- Problem requirements
Output, exactly and with no pictures, the line that contains "Soporte de mesa" and every line that comes after it in the data below, the last one included.

--*--

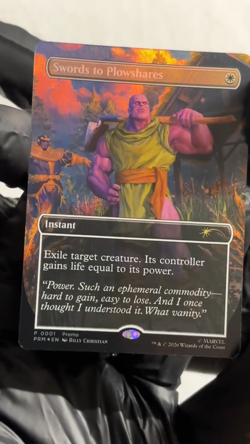 Thanos Swords to Plowshares (Borderless) (PSA Magazine Insert) Media Promo Foil - Image 2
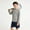 Gray, variant on FAHXNVB Boys Long Sleeve Crewneck T-Shirts Quick Dry Moisture Wicking Althletic Soft Solid Color Tees Tops Fashion Comfortable Shirts 3-15 Years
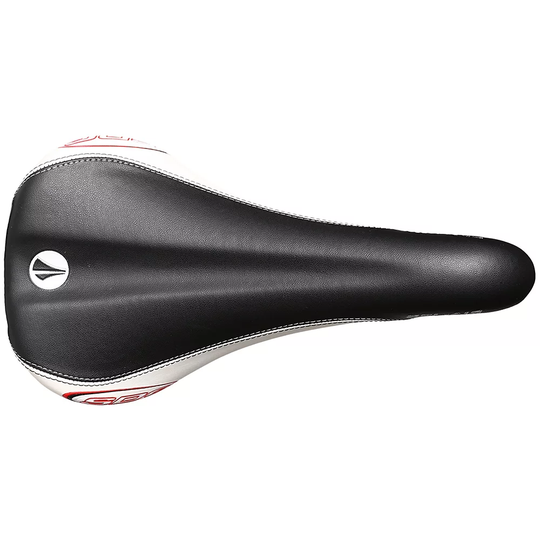SDG Bel Air RL Chromoly Bike Saddle - 140mm Wide - Black - White, Black - White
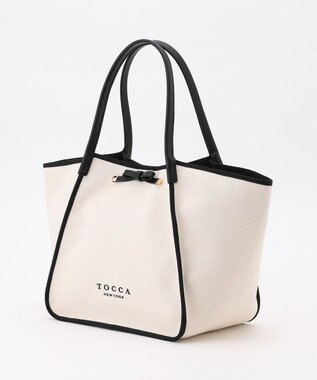 TOCCA 【A4サイズ対応】TRIM RIBBON CANVASTOTE トートバッグ ブラック系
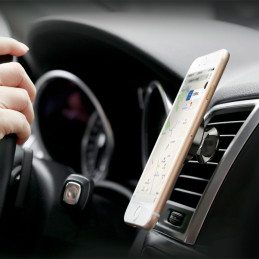 Sidabrinės lipnios metalinės uždangos magnetiniams telefonų laikikliams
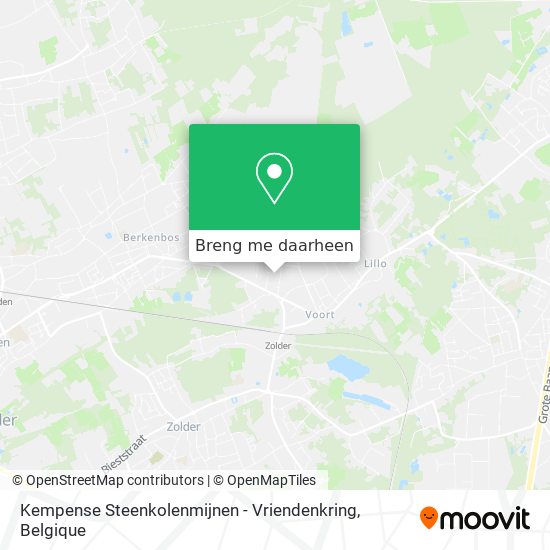Kempense Steenkolenmijnen - Vriendenkring kaart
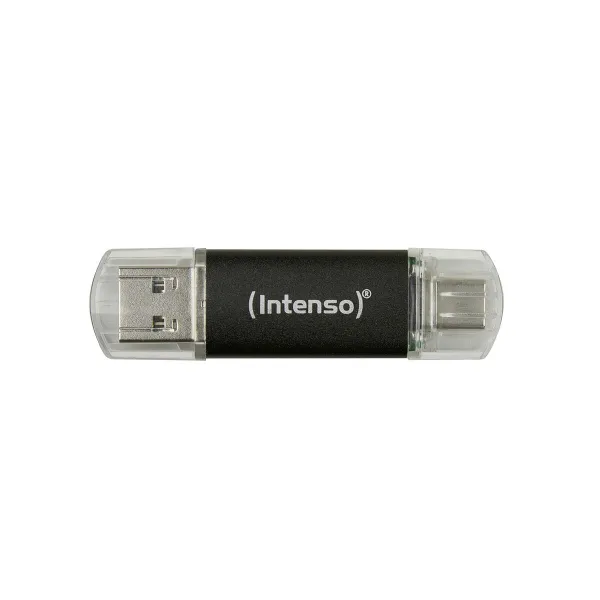 USB-tikku INTENSO Twist Line 256 GB Antrasiitinharmaa (2 osaa)
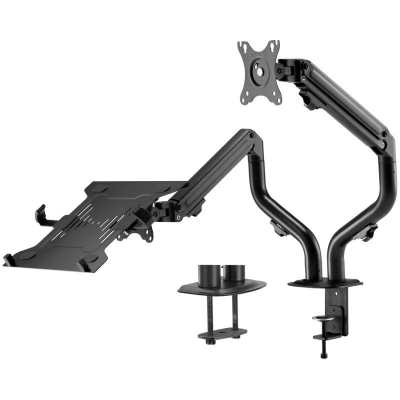 Soporte de mesa orientable/ inclinable dtl32tsr-195 para tv y portátil de 17-32'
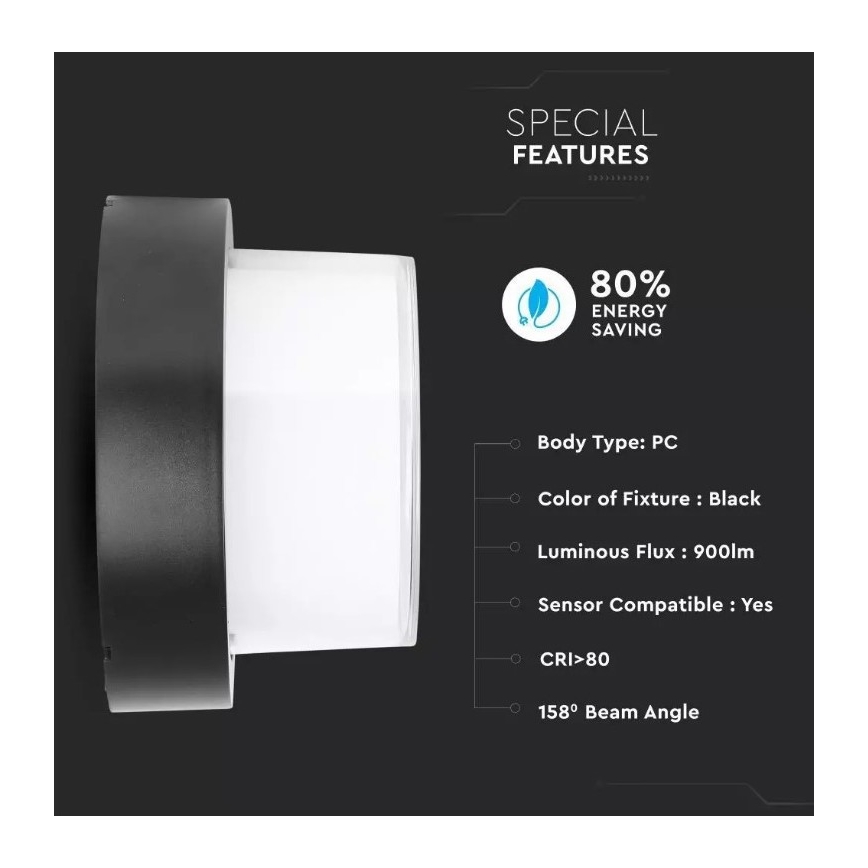 LED Kültéri fali lámpa LED/12W/230V IP65 3000K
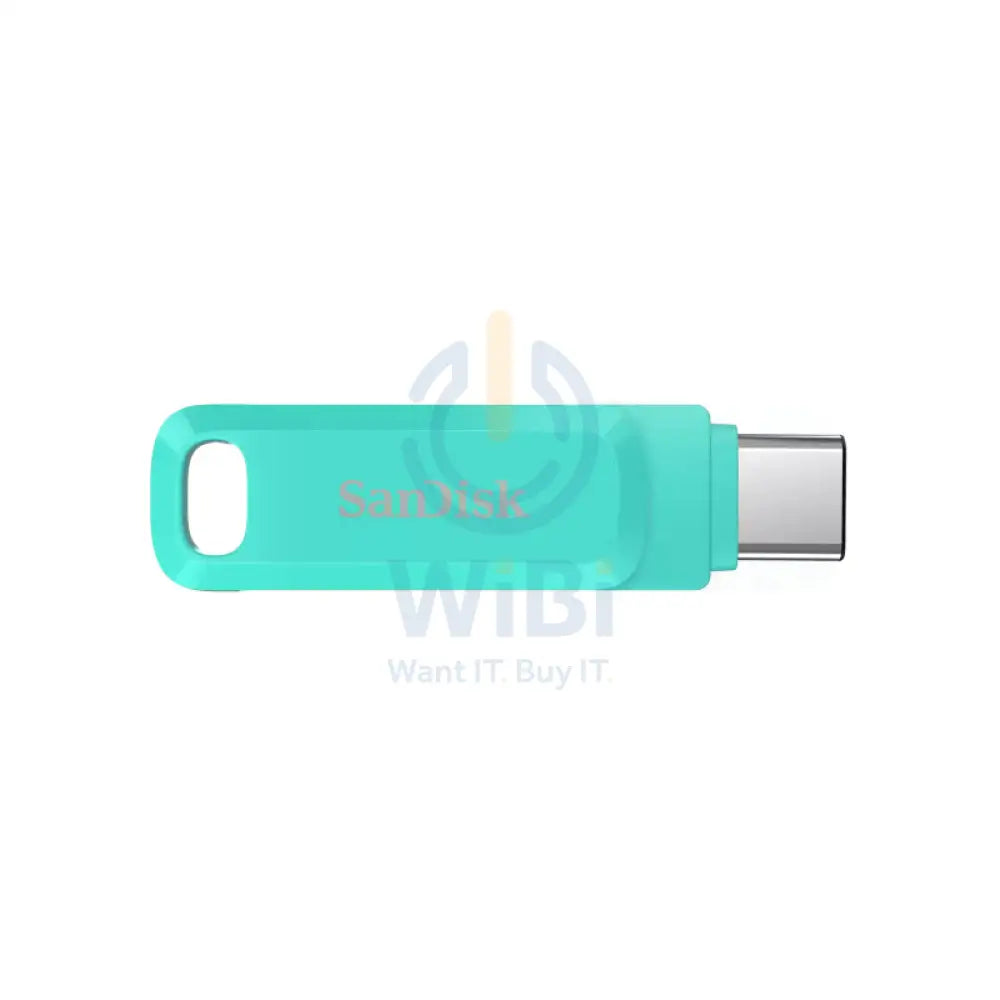 SanDisk Ultra Dual Drive Go Flash Drive - 64GB / Up to 150 MB/s / USB 3.2 Gen 1 / Type-C / Mint Storage > USB Flash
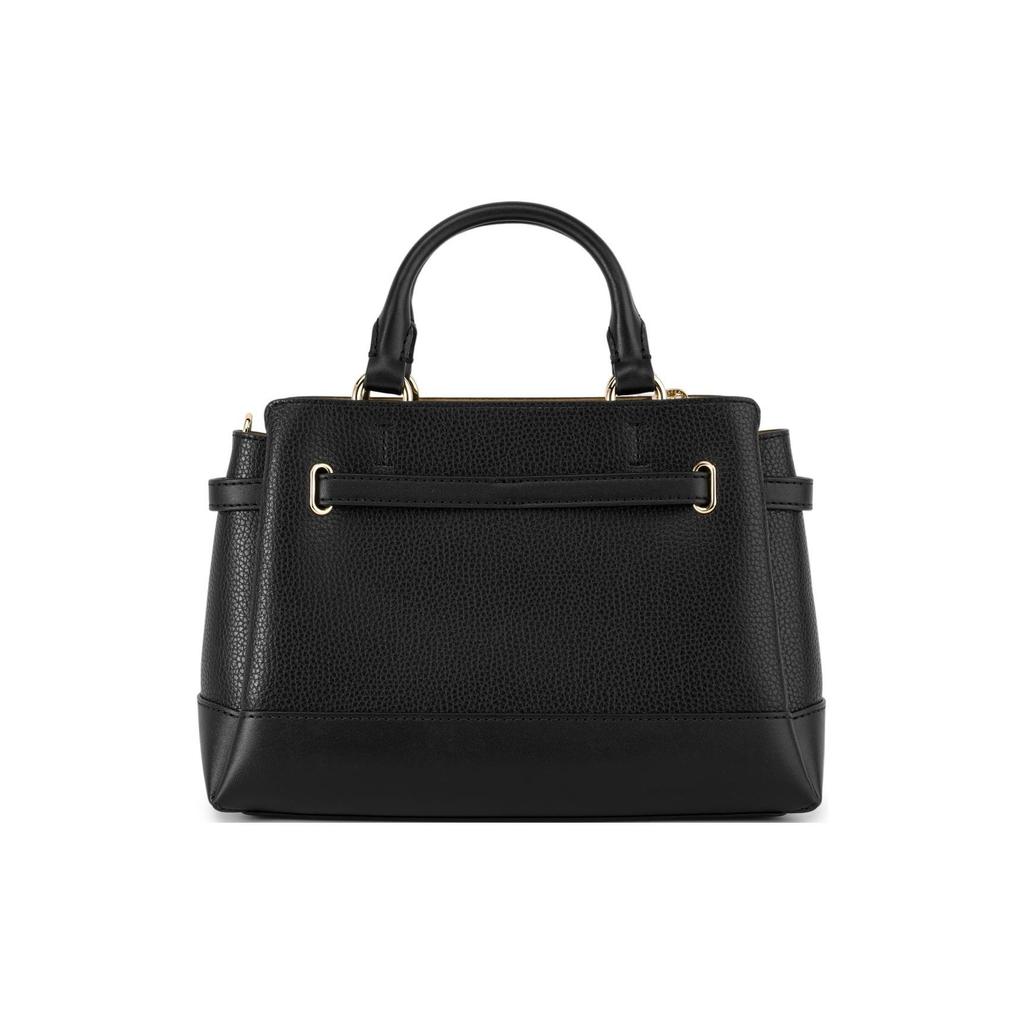 Michael Kors Mk Reed Classic Solid Color Portable Commuter Leather And Synthetic Leather Handbag Women Handbag Black 35S3G6RS1T-001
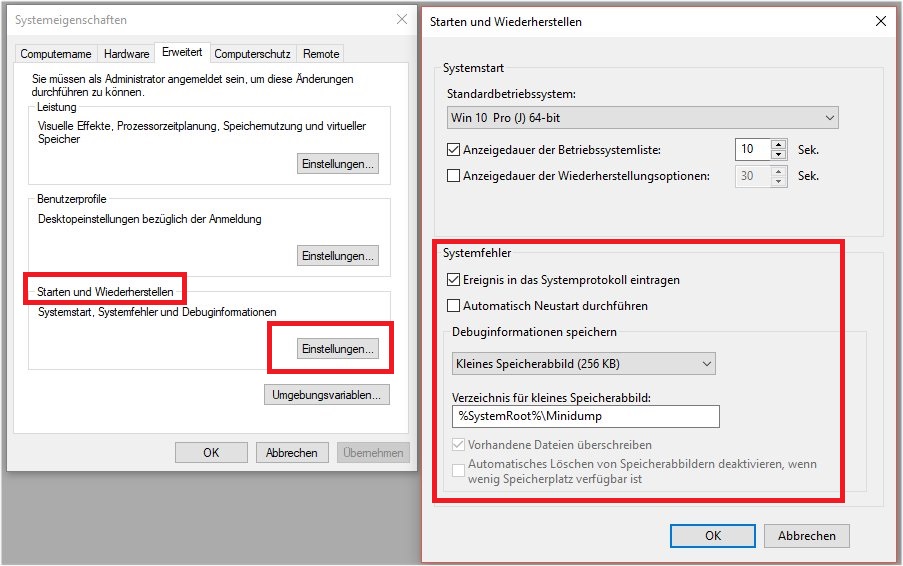 Win 10 stürzt ab und macht einfach ein neustart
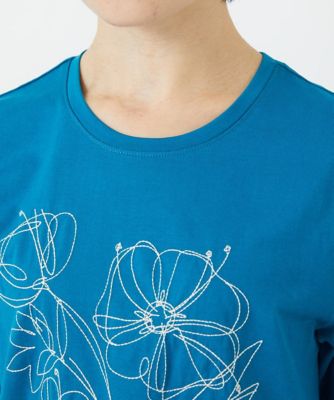 【小さいサイズ】ステッチ刺繍デザインＴシャツ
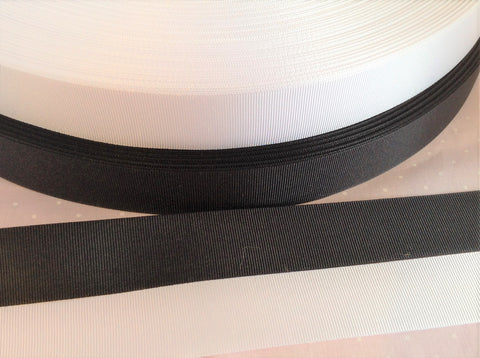 15mm & 25mm Black or White Grosgrain Ribbon - Premium  from Smart as a button - Just £1.90! Shop now at Smart as a button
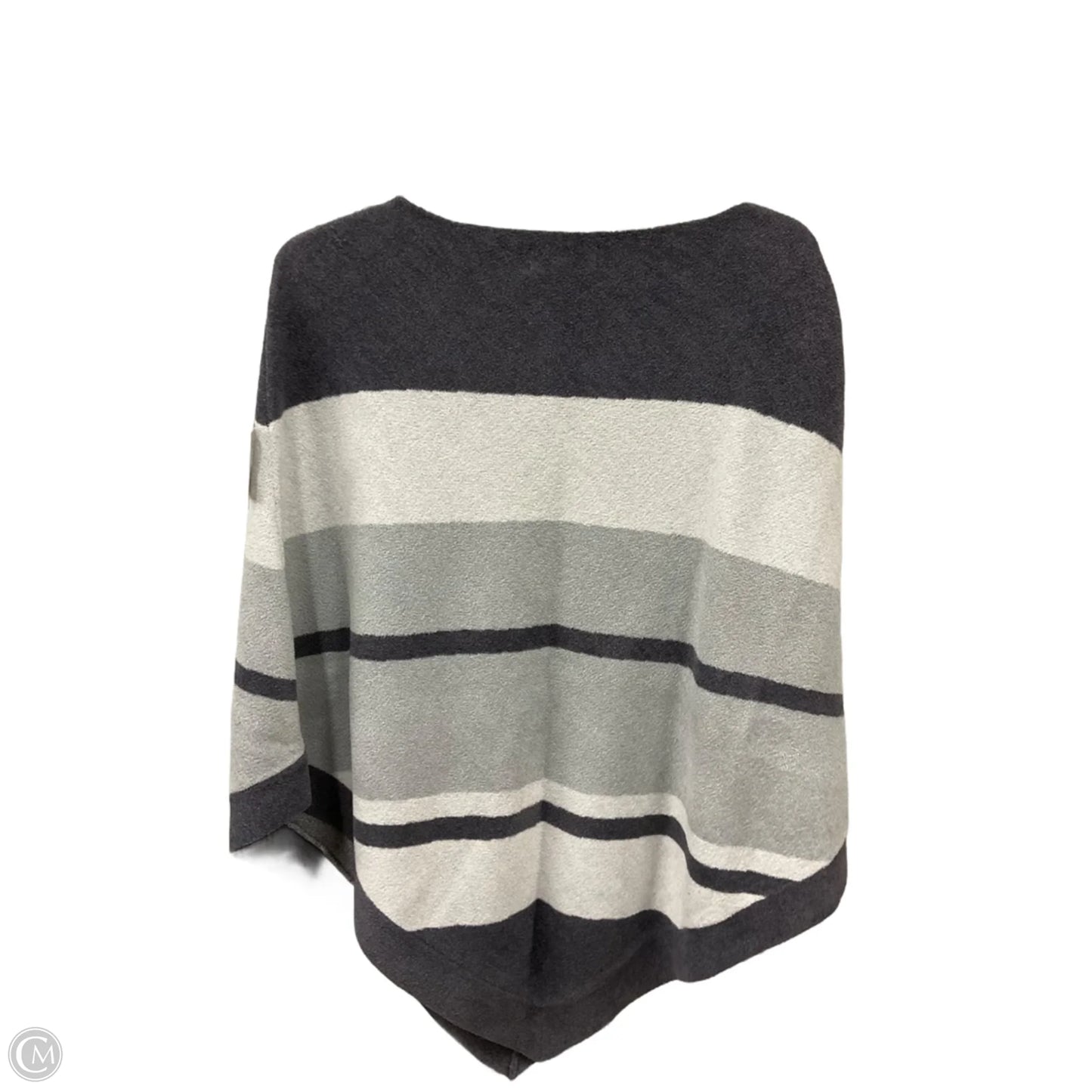 Poncho By Barefoot Dreams In Tan & White, Size: Osfm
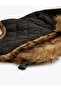 Quilted Pilot Hat - Faux Fur Inside - 3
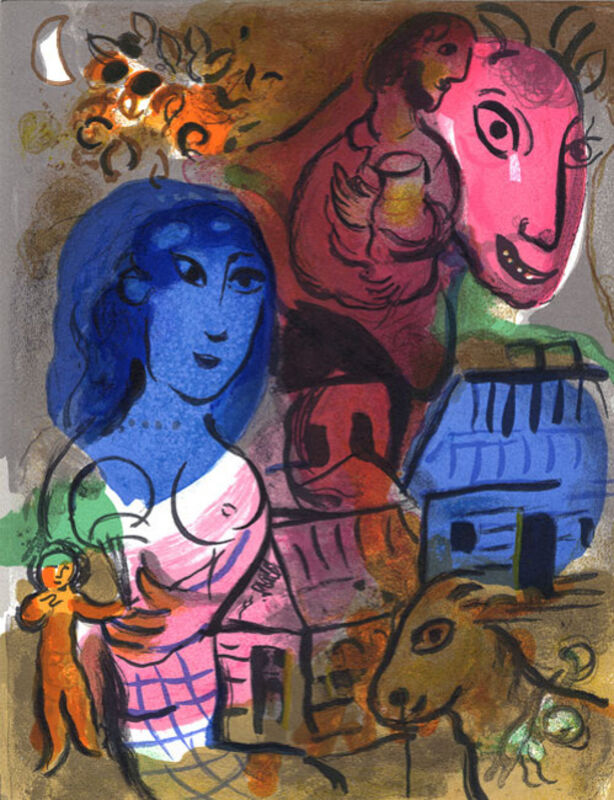 Marc Chagall, ‘XXeme Century, Hommage a Marc Chagall ’, 1969, Print, Lithograph, Galerie d'Orsay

--*--

- Output below
 Soporte de mesa orientable/ inclinable dtl32tsr-195 para tv y portátil de 17-32'
 LED Kültéri fali lámpa LED/12W/230V IP65 3000K
 SanDisk Ultra Dual Drive Go Flash Drive - 64GB / Up to 150 MB/s / USB 3.2 Gen 1 / Type-C / Mint Storage > USB Flash
 Michael Kors Mk Reed Classic Solid Color Portable Commuter Leather And Synthetic Leather Handbag Women Handbag Black 35S3G6RS1T-001
 Win 10 stürzt ab und macht einfach ein neustart
 【小さいサイズ】ステッチ刺繍デザインＴシャツ
 15mm & 25mm Black or White Grosgrain Ribbon - Premium  from Smart as a button - Just £1.90! Shop now at Smart as a button
 Poncho By Barefoot Dreams In Tan & White, Size: Osfm
 Quilted Pilot Hat - Faux Fur Inside - 3
 Marc Chagall, ‘XXeme Century, Hommage a Marc Chagall ’, 1969, Print, Lithograph, Galerie d'Orsay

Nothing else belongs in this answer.